A rod end bearing, also known as a heim joint (N. America) or rose joint (U.K. and elsewhere), is a mechanical articulating joint. Such joints are used on the ends of control rods, steering links, tie rods, or anywhere a precision articulating joint is required, and where a clevis end (which requires perfect 90-degree alignment between the attached shaft and the second component) is unsuitable. A ball swivel with an opening through which a bolt or other attaching hardware may pass is pressed into a circular casing with a threaded shaft attached. The threaded portion may be either male or female. The heim joint's advantage is that the ball insert permits the rod or bolt passing through it to be misaligned to a limited degree (an angle other than 90 degrees). A link terminated in two heim joints permits misalignment of their attached shafts (viz., other than 180 degrees).

History
The spherical rod end bearing was developed by Nazi Germany during World War II. When one of the first German planes to be shot down by the British in early 1940 was examined, they found this joint in use in the aircraft's control systems. Following this discovery, the Allied governments gave the H.G. Heim Company an exclusive patent to manufacture these joints in North America, while in the UK the patent passed to Rose Bearings Ltd. The ubiquity of these manufacturers in their respective markets led to the terms heim joint and rose joint becoming synonymous with their product. After the patents ran out the common names stuck, although  rosejoint remains a registered trademark of Minebea Mitsumi Inc., successor to Rose Bearings Ltd. Originally used in aircraft, the rod end bearing may be found in cars, trucks, race cars, motorcycles, lawn tractors, boats, industrial machines, go-karts, radio-control helicopters, formula cars, and many more applications.

Female heim joint 

Using female heim joints will allow users to make precise changes on key components of fixtures. One example of needing fine adjustment is within the helicopter’s adjustment of the blades. When using the adjustment, it is key to make sure it is in the correct spot or excessive wear will occur. This change allows quick adjustments that are easy with a female heim joint. When dealing with the pitch of a helicopter blades, heim joints are able to be adjusted to 0.010in.

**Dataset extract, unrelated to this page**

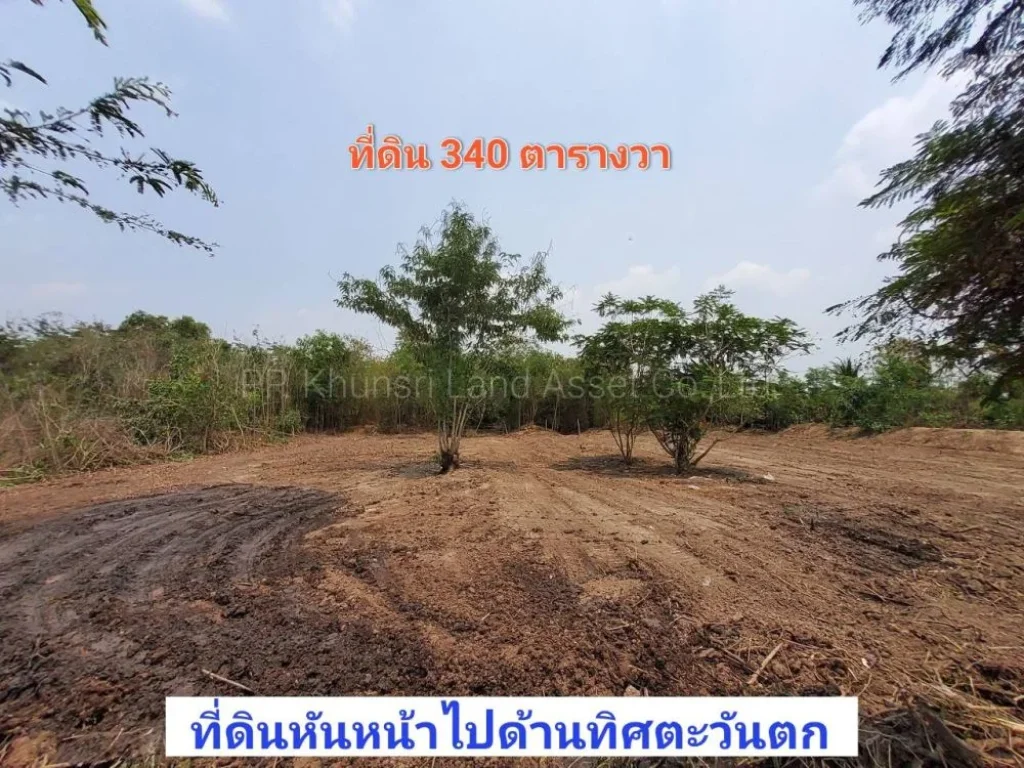 ขายที่ดินใกล้ถนนฤชุพันธุ์ 340 ตารางวา ติดถนนคอนกรีตสาธารณะ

If spacing is critical, female heim joints are able to be threaded on, instead of welding inserts to the shaft. When dealing with aluminium shafts, the easiest way to use heim joints is to use the female heim joint. One example is using robots in robotics competitions. Light weight is a key factors when building competitive robots, so using aluminum rods and female heim joints can be key.  Another example using female heim joints is the shifter of motorcycles. The shifting mechanism allows forces to be applied linear, but still be able to work at angles when in different gears. Both male and female heim joints require the use of a lock nut after getting adjustment to correct specification needed.

See also 

 Ball joint

References

Linkages (mechanical)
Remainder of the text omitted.